On 3 August Transport for London announced that it had awarded sole bidder Thales the GBP760m signalling and train control systems contract for London Underground’s Circle, District, Metropolitan and Hammersmith & City lines. Known as the Sub-Surface Lines (SSL), the four lines total around 184 route km (114 miles) and carry 1.3m passengers each day.
Work is expected to begin later this year, with the first increase in capacity delivered on the Circle line in 2021, and allowing a frequency increase to 32 trains/hour in central London by 2022. The final improvements would come in 2023, with an increase in peak and off-peak services on the Metropolitan line. “Once completed, around 60% of the London Underground will have been modernised using Thales signalling technology”, said Thales Chairman & CEO Patrice Caine.

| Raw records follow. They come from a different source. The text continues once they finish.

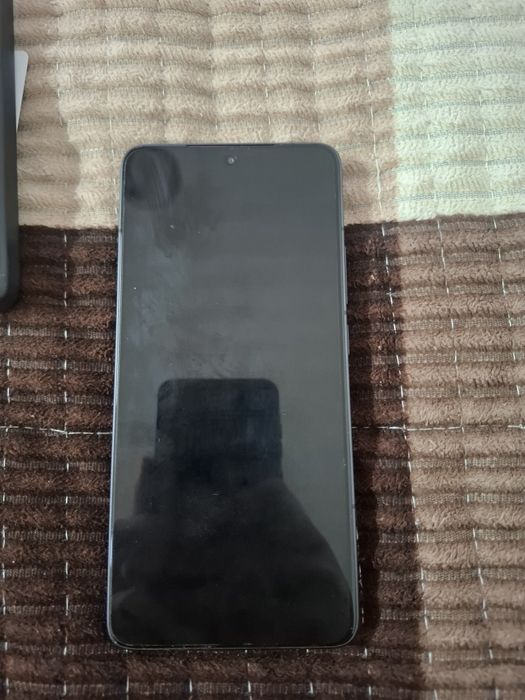 Poco F7 PRO телефон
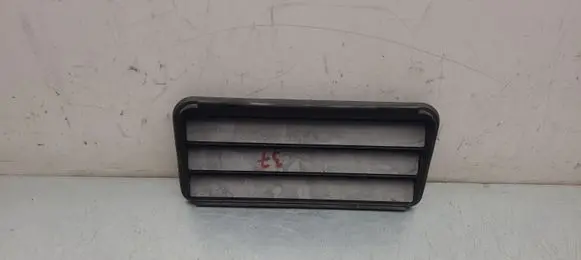 Tesla Model Y Quarter panel pressure vent 109875100C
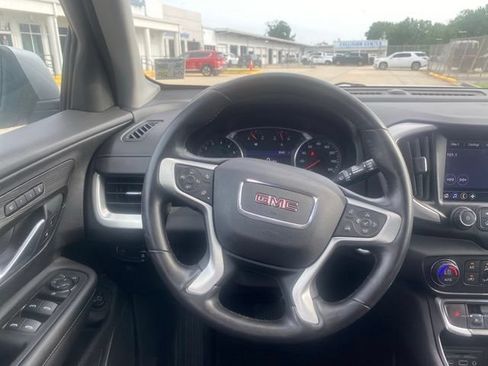Used 2022 GMC Terrain SLT FWD image 18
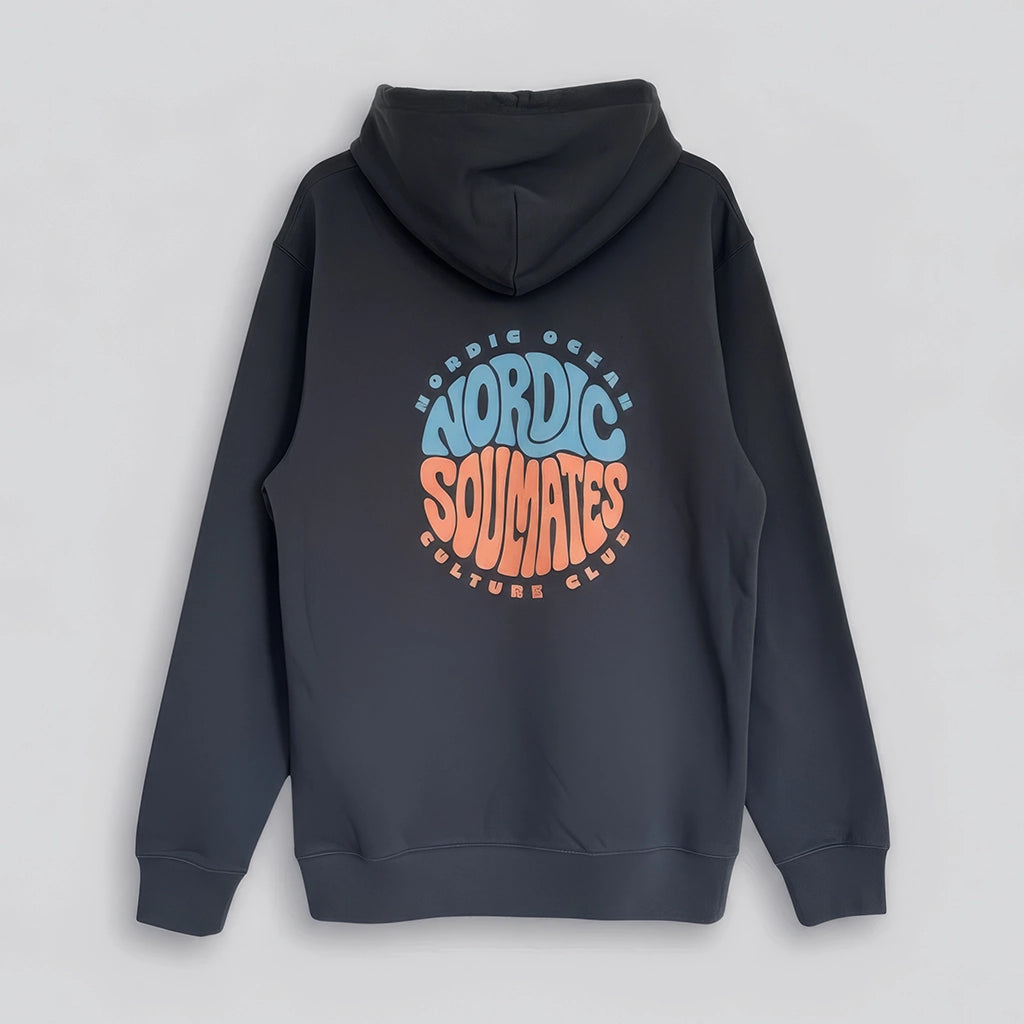 <img src="unity-circle-hoodie-rueckansicht-freisteller.jpg" alt="Unisex Nordic Soulmates Unity Circle Hoodie in India Ink Grey, Freisteller mit großem Backprint, Kapuze und Kängurutasche, gefertigt aus 100% GOTS-zertifizierter gekämmter, ringgesponnener Bio-Baumwolle">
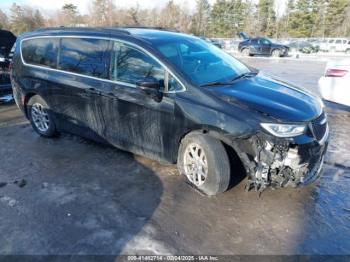  Salvage Chrysler Pacifica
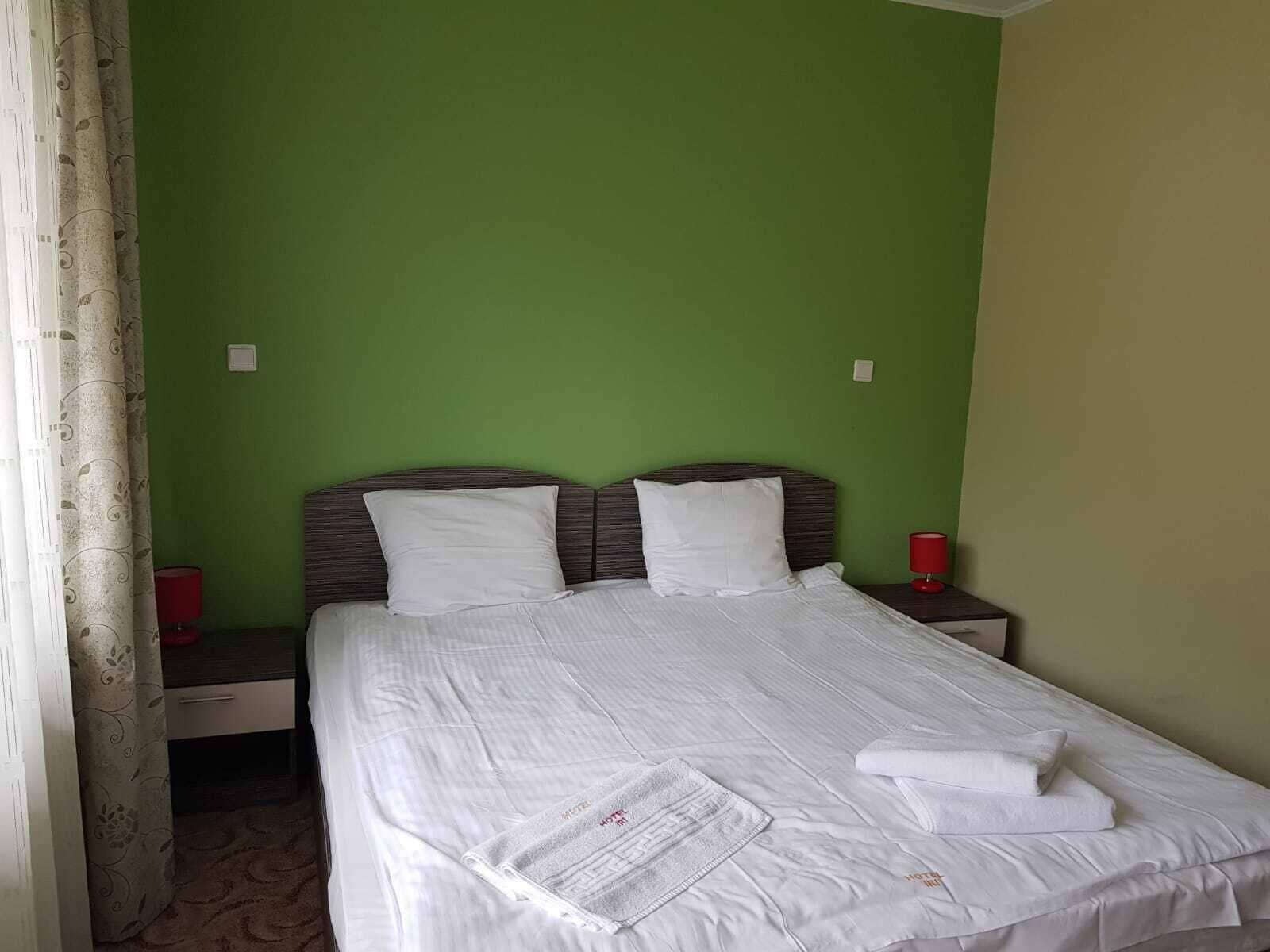 Hotel Iri บุชเตนี ภายนอก รูปภาพ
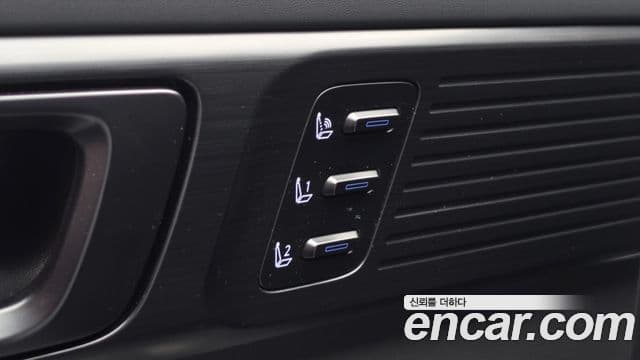 Hyundai Santa Fe 2024 — Photo 23/34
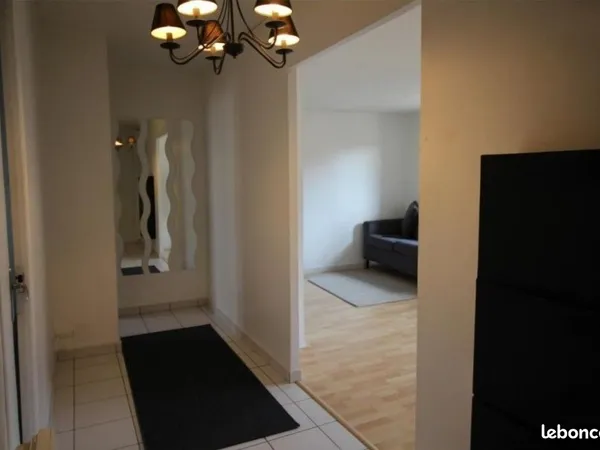 Location - Appartement - 3 pièces + cuisine - 69,25 m²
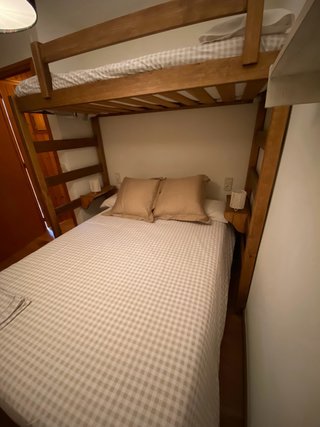Letto matrimoniale e letto a castello (venduto insieme o separatamente)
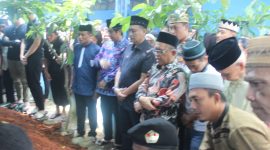 Anggota Majelis Tinggi DPP Partai Demokrat Andi Mallarangeng mewakili pihak keluarga besar, memohon doa dan permintaan maaf untuk almarhum KH Arief Mahya kepada pelayat yang hadir di pemakaman, Kamis (16/5/2024). Dok : berandalappung.com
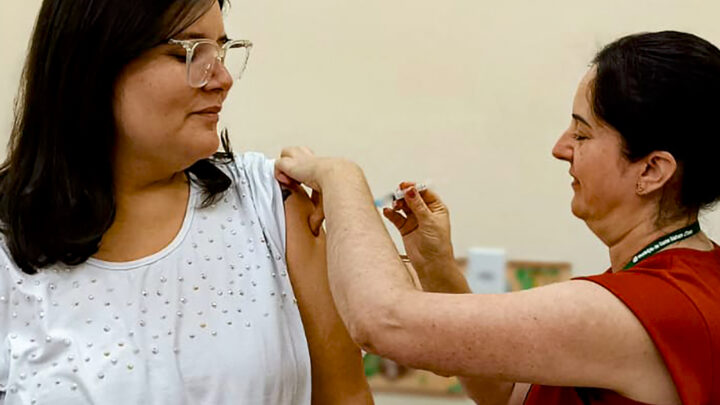 Vacinação de gestantes contra o VSR segue em Santa Bárbara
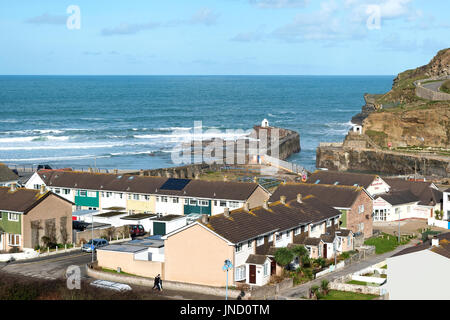 Häuser in dem Dorf an der Küste von Portreath, Cornwall, England, uk. Stockfoto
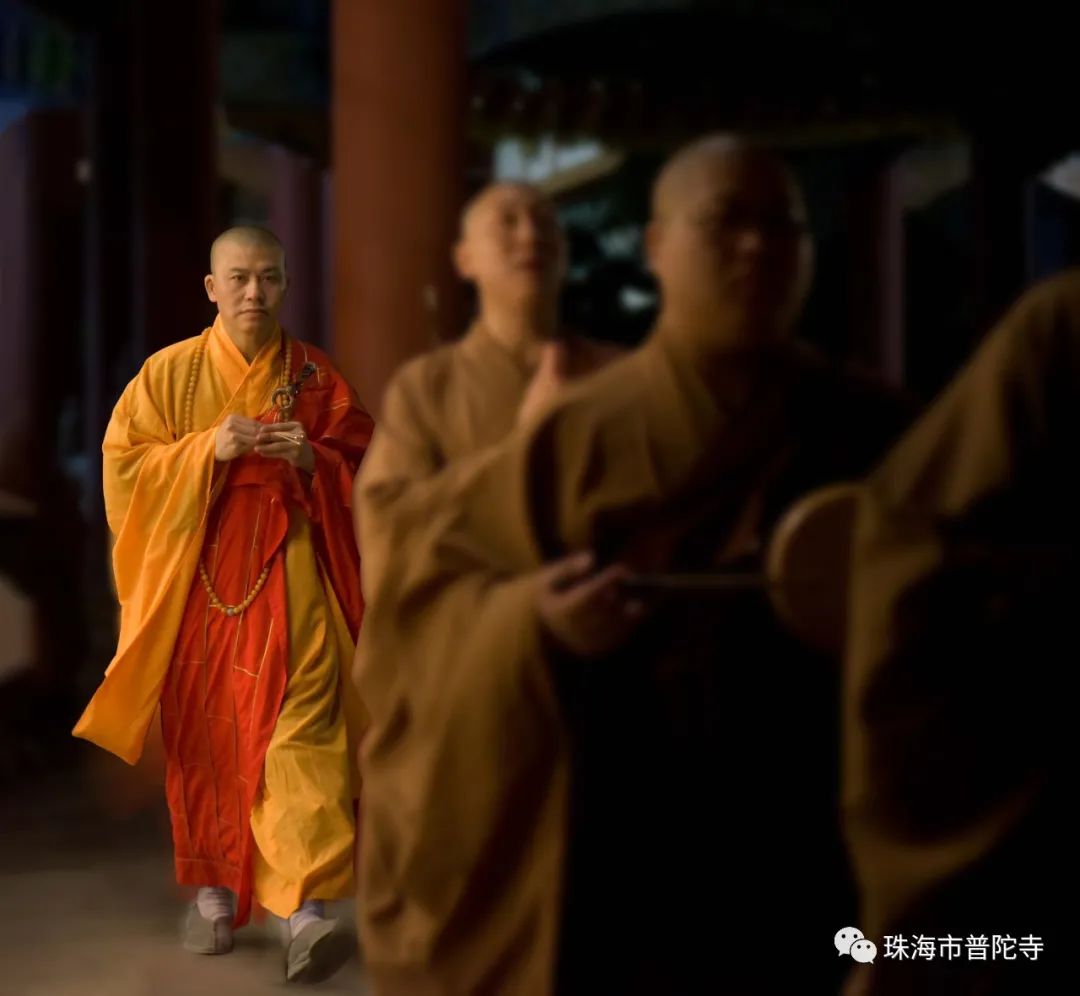 国际著名诗人、书画家李垚治先生参访珠海普陀寺 写下散文诗《书 僧》留住法喜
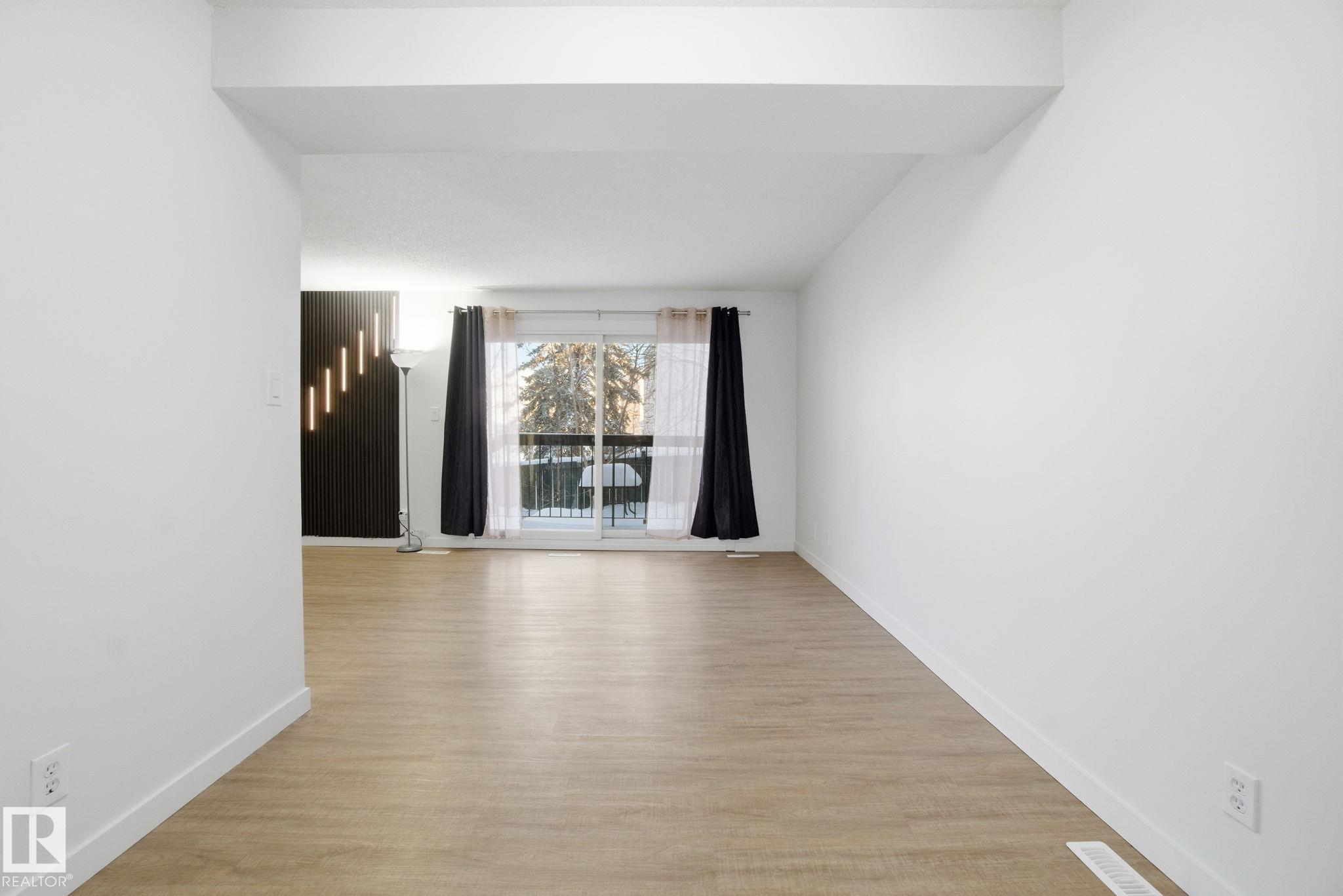 Photo 14 at 5538 145 Avenue NW, Casselman, Edmonton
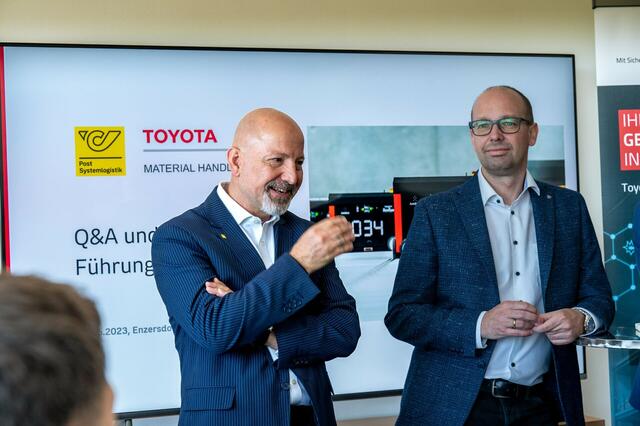 Wolfgang Einer und Thomas Hagen von "Post Systemlogistik"  | Foto: Toyota Material Handling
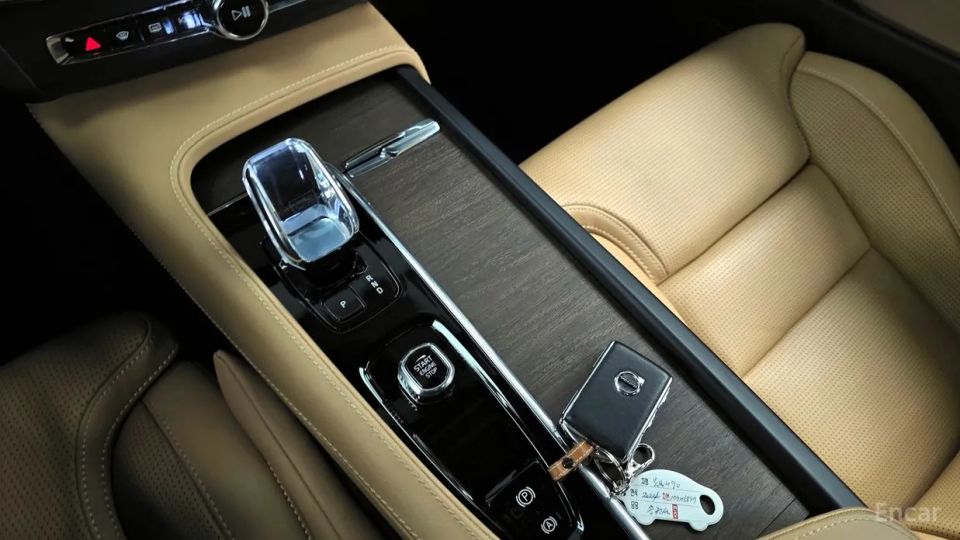 Volvo S90
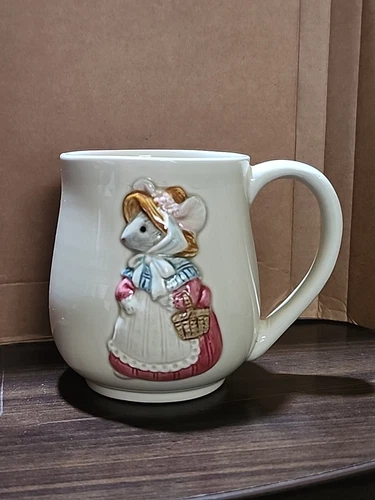 Vintage Otagiri Japan Ceramic Stoneware 12oz Mug Embossed Mouse Basket Hat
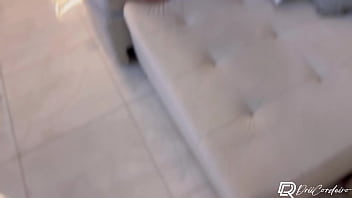 Filhinho pipoca e surra de piroca foi o que essa gostosa safada ganhou na minha casa rafael garcia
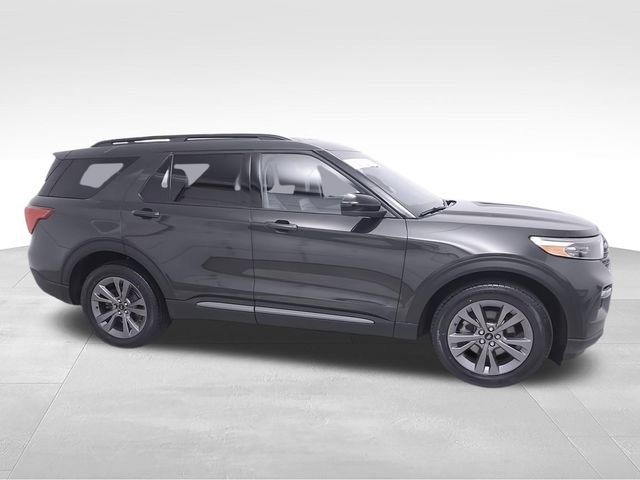 Used 2023 Ford Explorer XLT w/ Equipment Group 202A AWD/4WD image 3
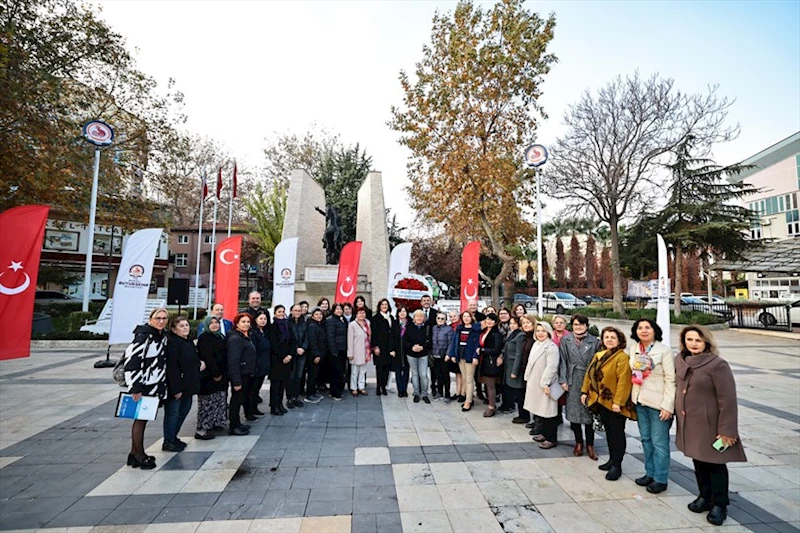 Kadın Meclisi, Atatürk Anıtı’na çelenk bıraktı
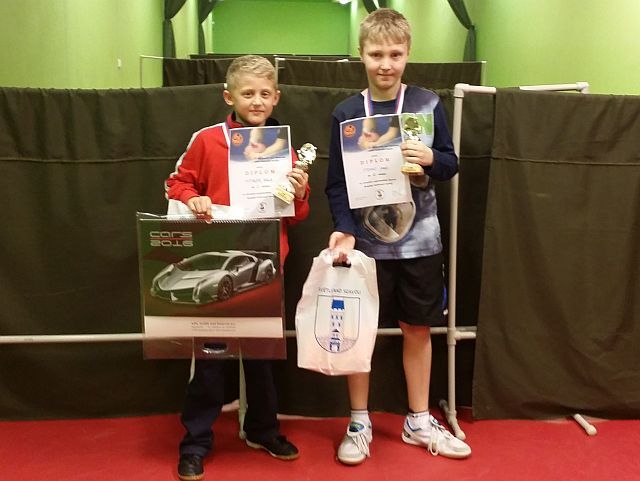 Nejmladší stolní tenisté bojovali o body ve Světlé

The award replaces a GBP345m contract with Bombardier, terminated in December 2013 with TfL saying the ‘complex nature of the railway’ meant that the supplier’s programme ‘was simply not progressing and there was no guarantee it would have worked’. Although marking a significant cost increase, TfL claims this is 18% less per km than ‘the successful modernisation of the Northern line which was around half the cost of the Jubilee and Victoria line modernisations delivered under the flawed public-private partnership arrangements, ended by the Mayor five years ago.’
The significant project is part of the four-line GBP5.41bn modernisation programme that includes 191 new modern air-conditioned walk-through trains. Once the SSL have been modernised, work would begin to introduce new trains and control systems for the Piccadilly, Central, Bakerloo and Waterloo and City lines.